Wherever an image appears in the entries, drop it and reproduce everything else exactly.

- - - - -

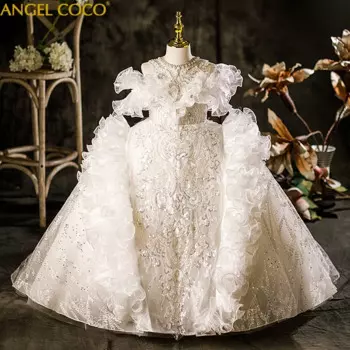 Роскошное детское платье для девочки официальное свадебное платье принцессы для девочек-подростков бальное платье для первого причастия платье на выпускной платье для девочки свадебное платье детские платья платья для
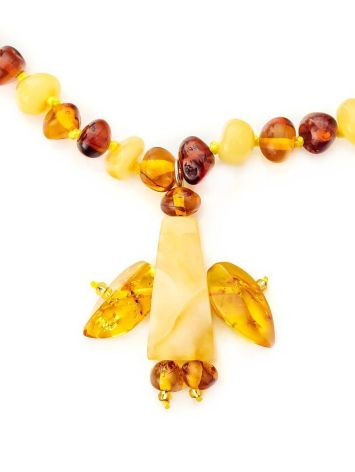 Multicolor Amber Beaded Necklace With Angel Shaped Pendant, image , picture 3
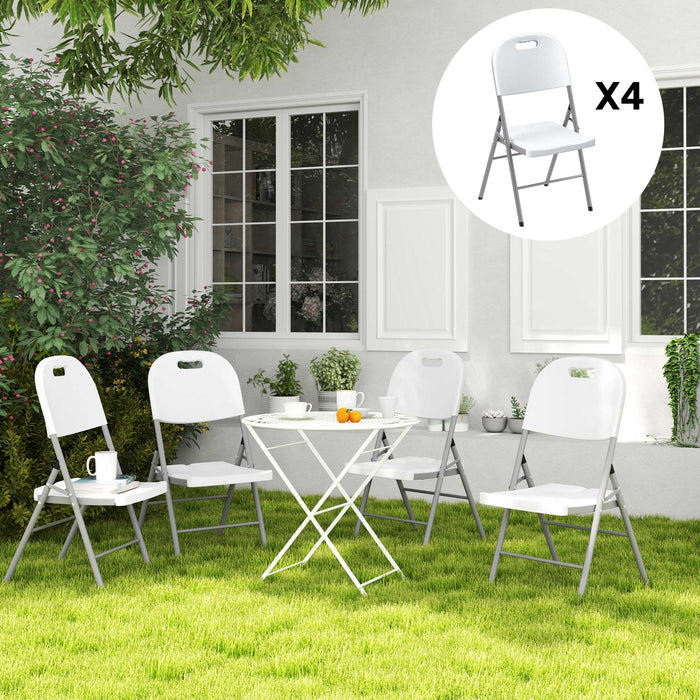 Outsunny Folding Chair Set of 4 with Steel Frame, Outdoor Chair Set with HDPE Backrest, Seat and Handles for Mobility, Garden Chair Set for Patio Deck Balcony, White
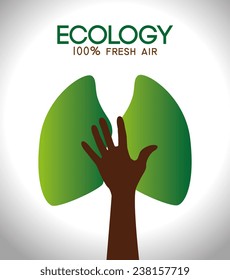Ecology design over white background, vector illustration.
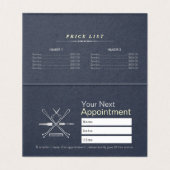 Prijslijst van Haarstylist Makeup Salon Gold-schaa Visitekaartje (Binnenkant ongevouwen)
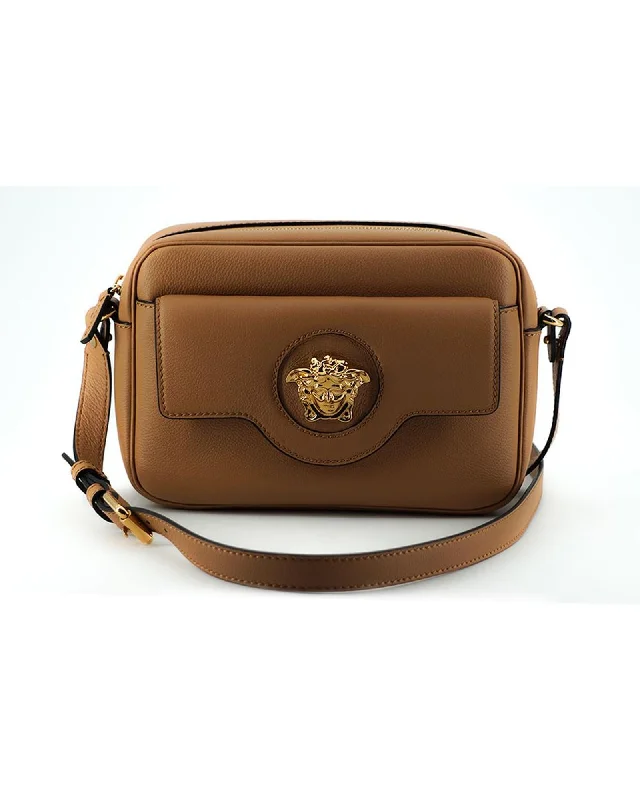 Best tote bags with a vintage-inspired plaid pattern for a classic look-Versace La Medusa Shoulder Bag in Brown Leather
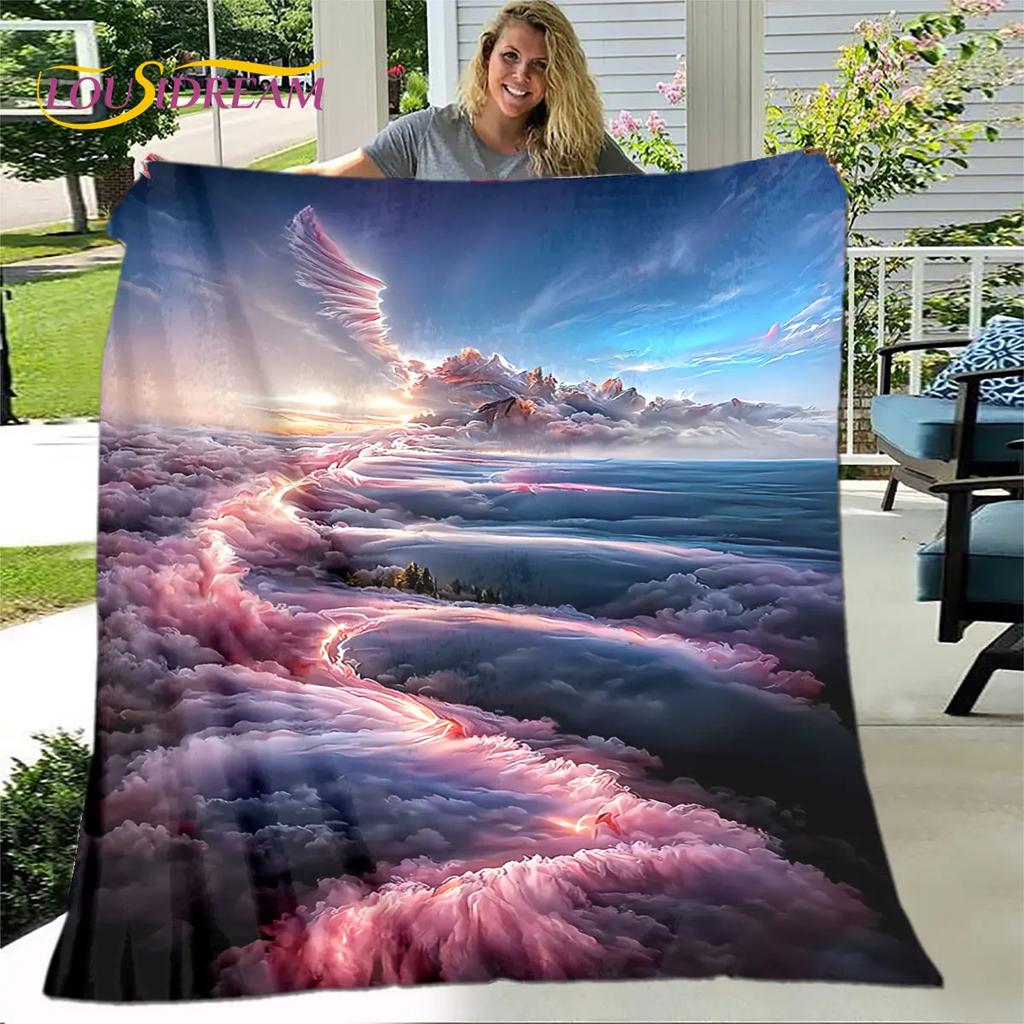 3D Natural ,Tornado, Cloud Blanket,Flannel Blanket Throw Blanket,Warm Blanket for Home Living Room Bedroom Beds Sofa Picnic Kid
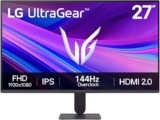 LG 27G411A-B 27-inch Ultragear Full HD (1920 x 1080) IPS Gaming Monitor, 144Hz (O/C), 1ms MBR, NVIDIA G-Sync Compatible, AMD FreeSync, HDR10, HDMI, DisplayPort, Slim Stand, Black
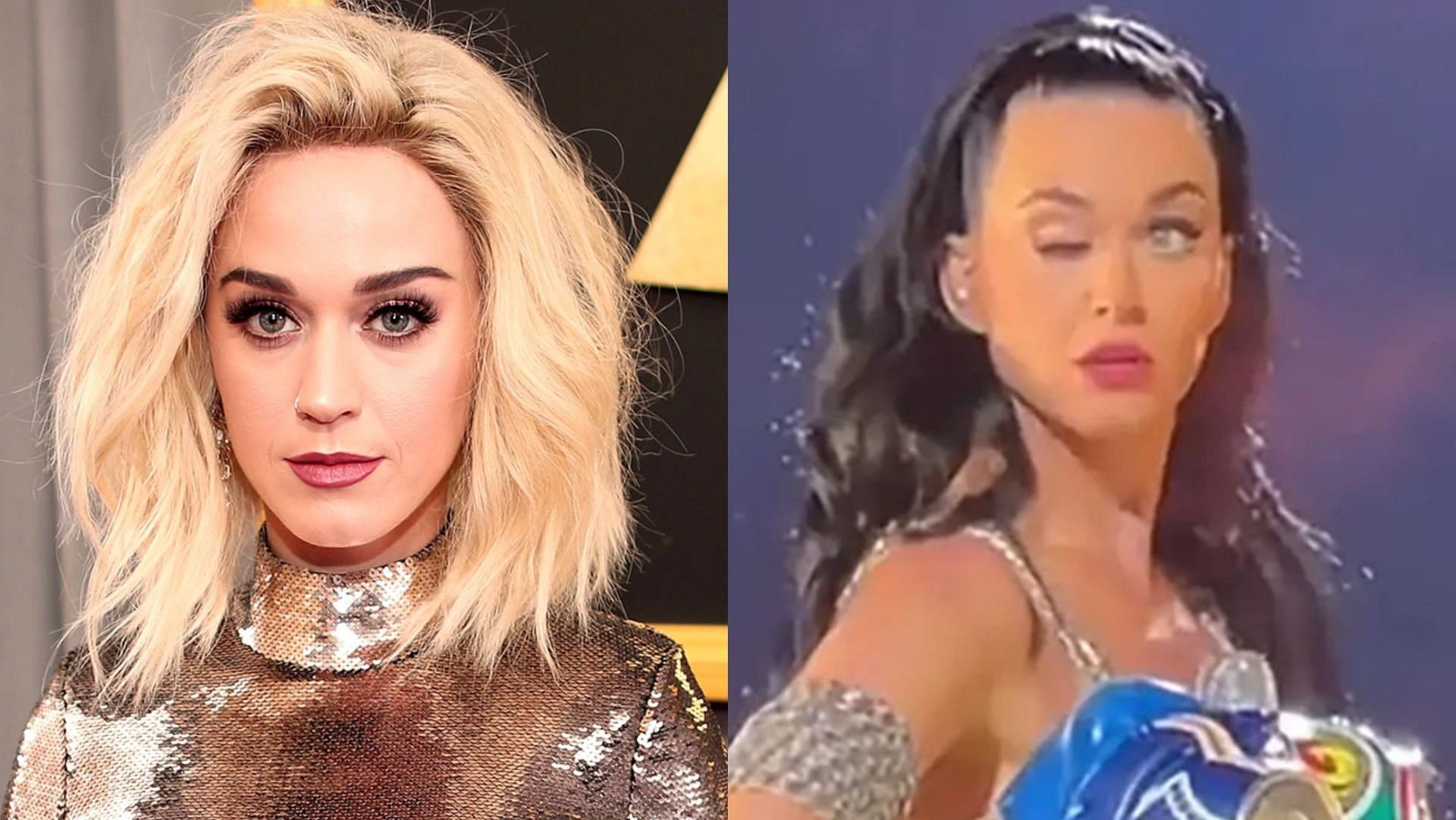 Katy Perry claims her eye malfunction was an intentional stunt. (Image via Christopher Polk/Getty, @AreOhEssEyeEe/Twitter)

- - - - -

**Solved exercise**
 Роскошное детское платье для девочки официальное свадебное платье принцессы для девочек-подростков бальное платье для первого причастия платье на выпускной платье для девочки свадебное платье детские платья платья для
 Multicolor Amber Beaded Necklace With Angel Shaped Pendant, image , picture 3
 Outsunny Folding Chair Set of 4 with Steel Frame, Outdoor Chair Set with HDPE Backrest, Seat and Handles for Mobility, Garden Chair Set for Patio Deck Balcony, White
Ecology design over white background, vector illustration.
 Prijslijst van Haarstylist Makeup Salon Gold-schaa Visitekaartje (Binnenkant ongevouwen)
 Best tote bags with a vintage-inspired plaid pattern for a classic look-Versace La Medusa Shoulder Bag in Brown Leather
 3D Natural ,Tornado, Cloud Blanket,Flannel Blanket Throw Blanket,Warm Blanket for Home Living Room Bedroom Beds Sofa Picnic Kid
 LG 27G411A-B 27-inch Ultragear Full HD (1920 x 1080) IPS Gaming Monitor, 144Hz (O/C), 1ms MBR, NVIDIA G-Sync Compatible, AMD FreeSync, HDR10, HDMI, DisplayPort, Slim Stand, Black
 Katy Perry claims her eye malfunction was an intentional stunt. (Image via Christopher Polk/Getty, @AreOhEssEyeEe/Twitter)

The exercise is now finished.